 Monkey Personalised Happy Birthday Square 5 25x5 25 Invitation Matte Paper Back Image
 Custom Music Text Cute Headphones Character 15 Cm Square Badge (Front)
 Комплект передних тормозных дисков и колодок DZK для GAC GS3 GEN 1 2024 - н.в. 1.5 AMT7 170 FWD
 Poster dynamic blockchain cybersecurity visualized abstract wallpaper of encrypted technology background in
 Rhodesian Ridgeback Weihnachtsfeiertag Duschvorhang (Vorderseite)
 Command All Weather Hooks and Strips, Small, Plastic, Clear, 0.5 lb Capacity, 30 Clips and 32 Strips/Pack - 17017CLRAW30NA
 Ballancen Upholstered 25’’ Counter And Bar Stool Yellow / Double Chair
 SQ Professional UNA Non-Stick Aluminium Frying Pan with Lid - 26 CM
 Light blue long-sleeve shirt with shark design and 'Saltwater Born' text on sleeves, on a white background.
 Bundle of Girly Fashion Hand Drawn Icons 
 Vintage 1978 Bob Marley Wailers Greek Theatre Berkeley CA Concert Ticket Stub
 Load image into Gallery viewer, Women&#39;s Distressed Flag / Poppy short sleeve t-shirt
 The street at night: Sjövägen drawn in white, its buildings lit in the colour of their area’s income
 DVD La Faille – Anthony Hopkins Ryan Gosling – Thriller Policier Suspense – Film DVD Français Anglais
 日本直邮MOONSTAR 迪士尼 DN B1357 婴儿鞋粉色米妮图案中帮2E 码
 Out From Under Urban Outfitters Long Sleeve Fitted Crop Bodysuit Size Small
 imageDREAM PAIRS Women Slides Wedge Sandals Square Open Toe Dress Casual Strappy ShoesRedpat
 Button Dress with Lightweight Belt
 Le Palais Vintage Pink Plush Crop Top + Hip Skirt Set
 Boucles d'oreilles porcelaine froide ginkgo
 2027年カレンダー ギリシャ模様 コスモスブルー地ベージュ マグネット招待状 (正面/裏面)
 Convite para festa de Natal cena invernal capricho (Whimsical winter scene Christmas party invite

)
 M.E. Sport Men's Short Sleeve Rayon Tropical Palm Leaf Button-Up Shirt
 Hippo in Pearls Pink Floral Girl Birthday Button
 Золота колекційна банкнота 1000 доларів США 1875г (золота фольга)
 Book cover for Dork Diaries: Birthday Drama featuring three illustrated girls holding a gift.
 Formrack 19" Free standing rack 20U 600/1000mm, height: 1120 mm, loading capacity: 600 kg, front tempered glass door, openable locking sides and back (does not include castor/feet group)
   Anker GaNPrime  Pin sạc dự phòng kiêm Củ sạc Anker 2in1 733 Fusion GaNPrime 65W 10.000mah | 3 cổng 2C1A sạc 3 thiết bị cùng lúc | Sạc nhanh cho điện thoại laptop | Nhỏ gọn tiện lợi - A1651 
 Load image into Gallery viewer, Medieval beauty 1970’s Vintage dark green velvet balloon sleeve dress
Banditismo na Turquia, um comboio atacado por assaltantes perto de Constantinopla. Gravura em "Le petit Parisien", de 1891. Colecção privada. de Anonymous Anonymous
---
## ASSIGNMENT
Search the records for the word "background". Copy every line that has it.

## EXPECTED ANSWER
 Poster dynamic blockchain cybersecurity visualized abstract wallpaper of encrypted technology background in
 Light blue long-sleeve shirt with shark design and 'Saltwater Born' text on sleeves, on a white background.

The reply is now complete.